Last week, with its introduction of Meta Glasses, Meta launched a fashion house. That was the read among some in the fashion community, anyway — and, essentially, that was its intention. 

“We basically have our own accessories line now,” Eva Chen, vp of fashion at Meta, told Glossy in her first interview about Meta Glasses’ debut. “So, my team and I have been working to bring the Glasses to the fashion industry and, similar to [what we did for] Instagram, help people understand how to use them.”

The role of Chen and her team has also included providing feedback to Meta’s design and product teams on how the glasses’ target audience — “the fashion industry, women and consumers, in general,” Chen said — would want the glasses to look. 

“As Mark [Zuckerberg] has said a million times, ‘Fundamentally, the product has to look good’ — and so there have been a lot of cues and feedback from the fashion industry,” she said.

On the Glasses’ June 23 release date, all the components of a buzzy 2026 fashion launch were there: Meta debuted an all-new Instagram account, @metaglasses, which is approaching 100,000 followers 11 days after going live. Its founder, Zuckerberg, hyped the product rollout to a curated group of tastemakers-slash-press, including Substacker Emily Sundberg. And the company threw an exclusive party, attended by “it” girls and guys, including A-list fashion stylist Law Roach; “tradwife” creator Nara Smith, who typically works with the likes of Marc Jacobs; and DJ Peggy Gou, who recently worked the Chanel Métiers d’Art 2026 after-party and attended the YSL fall 2026 show at Paris Fashion Week — Vogue covered her PFW appearance in a day-in-the-life-style story. The launch event eventually opened to a broader community of “the downtown scene,” Chen said, allowing more people to try on the glasses in interactive, Instagrammable settings.

And let’s not forget that Meta tapped one of the biggest influencers of our time to, well, influence. Kylie Jenner, who boasts 382 million followers on Instagram alone, is the face of its launch campaign and a collaborator on three of its debut Glasses, with additional products potentially on deck. 

At the launch event, Jenner mixed and mingled, and documented highlights on Instagram Stories. And overall, she has contributed to the Glasses’ promotion by posting three dedicated in-feed Instagram slideshows, which so far have a total of 5.5 million likes. She has also been featured on Meta Glasses billboards in New York and L.A., among other marketing assets. 

“Kylie is such a force; she really influences the way women and girls dress. Plus, she thinks like a content creator — and, most importantly, she loves the product,” Chen said.

In recent years, Jenner has increasingly aligned with fashion, attending Paris Fashion Week, appearing in Miu Miu ads, serving as an unofficial Schiaparelli muse and attending the Met Gala, for example. But her power to move products has been evident for over a decade, with sales of her Kylie Lip Kits, launched under her Kylie Cosmetics label in 2015, prompting Coty to acquire a majority stake in the brand at a $1.2 billion valuation. 

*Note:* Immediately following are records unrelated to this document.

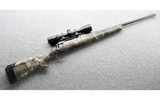 Savage ~ Axis ~ 6.5 Creedmore - 1 of 9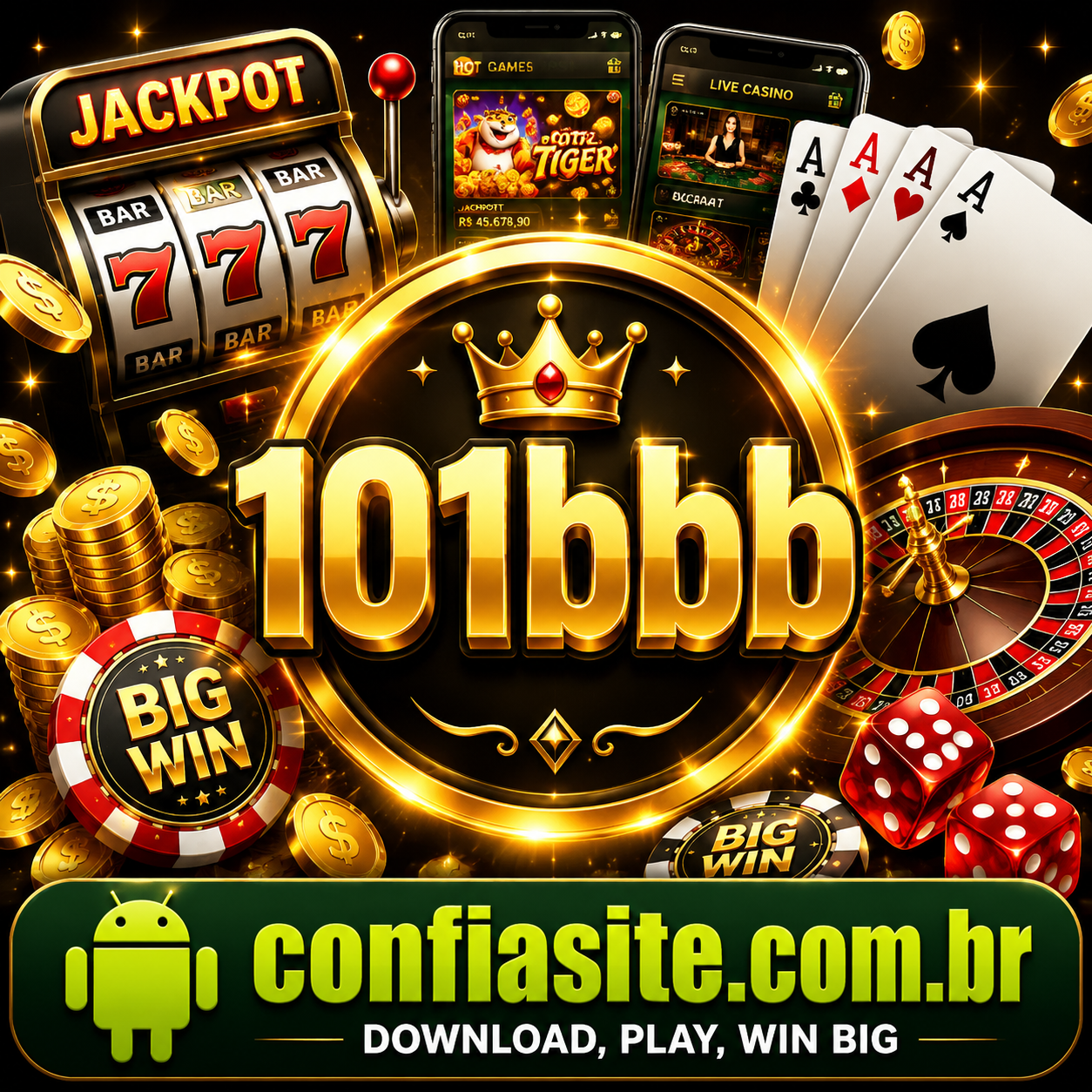 101bbb APK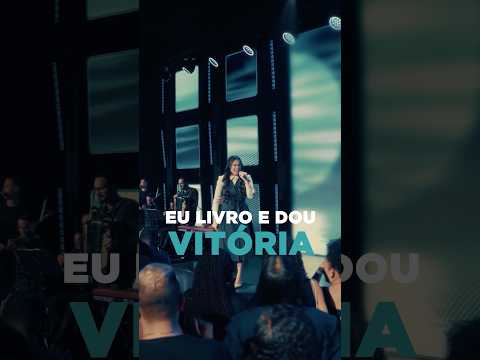 Eula Cris – “Controlo Tudo” ❤️ Uma música para lembrar: Deus cuida de você! thumbnail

“If we’re targeting the Gen Z girlies, Oakley and Ray-Ban are not going to get them,” said Dayna Carney, founder of the social-first creative agency Dayna’s House, referencing Meta’s prior smartglasses collaborators. “They had to bring in more cultural cachet.”

Janey Park, founder of The Digital Runway advisory and Substack, agreed that Meta was “onto something” with Jenner, calling the partnership “strategic,” yet undoubtedly costly. She noted that the contribution of Jenner’s voice likely ups her skin in the game — Jenner voices the Glasses’ Meta AI feature in the frames she co-designed.

“Is [Jenner] really tech? No, but maybe that’s not the point,” Park said. “The point is just to put [the glasses] on the map and make them something people are talking about, and that are actually fashionable or cool to wear.”

Per Park, Meta’s decision to lead with its own name was also noteworthy. Meta Glasses’ three debut styles are dubbed the Meta Adventurer, the Meta Fury and Meta Glasses by Kylie. “It shows that they want to be like a maison,” she said. 

According to Chen, Jenner joined the project ready to work, showing up to meetings with around 12 trays of her own vintage sunglasses, inspiration images and strong opinions to inform the design. She viewed several versions of tortoise before her style’s Dark Tortoise shade was chosen, for example. And she requested the tiny crystals in the corners of her styles’ frames to create a “glint” in selfies and other photos.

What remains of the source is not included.